DATA EXTRACT section start

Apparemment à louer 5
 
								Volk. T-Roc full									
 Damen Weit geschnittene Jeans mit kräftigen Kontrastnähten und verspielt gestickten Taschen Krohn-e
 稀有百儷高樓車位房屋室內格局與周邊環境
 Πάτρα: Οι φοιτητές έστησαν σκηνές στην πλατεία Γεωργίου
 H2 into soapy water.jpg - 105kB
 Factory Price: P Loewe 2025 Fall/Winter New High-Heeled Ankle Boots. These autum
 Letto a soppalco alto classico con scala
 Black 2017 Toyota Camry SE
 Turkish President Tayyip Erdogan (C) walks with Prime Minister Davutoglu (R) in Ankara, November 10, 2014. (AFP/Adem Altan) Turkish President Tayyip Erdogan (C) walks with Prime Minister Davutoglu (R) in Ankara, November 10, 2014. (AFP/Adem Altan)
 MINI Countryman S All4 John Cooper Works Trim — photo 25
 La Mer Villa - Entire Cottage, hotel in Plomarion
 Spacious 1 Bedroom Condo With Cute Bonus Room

DATA EXTRACT section end

TASK BRIEF:
Output the lines above verbatim and in full.

THE COMPLETED TASK:
Apparemment à louer 5
 
								Volk. T-Roc full									
 Damen Weit geschnittene Jeans mit kräftigen Kontrastnähten und verspielt gestickten Taschen Krohn-e
 稀有百儷高樓車位房屋室內格局與周邊環境
 Πάτρα: Οι φοιτητές έστησαν σκηνές στην πλατεία Γεωργίου
 H2 into soapy water.jpg - 105kB
 Factory Price: P Loewe 2025 Fall/Winter New High-Heeled Ankle Boots. These autum
 Letto a soppalco alto classico con scala
 Black 2017 Toyota Camry SE
 Turkish President Tayyip Erdogan (C) walks with Prime Minister Davutoglu (R) in Ankara, November 10, 2014. (AFP/Adem Altan) Turkish President Tayyip Erdogan (C) walks with Prime Minister Davutoglu (R) in Ankara, November 10, 2014. (AFP/Adem Altan)
 MINI Countryman S All4 John Cooper Works Trim — photo 25
 La Mer Villa - Entire Cottage, hotel in Plomarion
 Spacious 1 Bedroom Condo With Cute Bonus Room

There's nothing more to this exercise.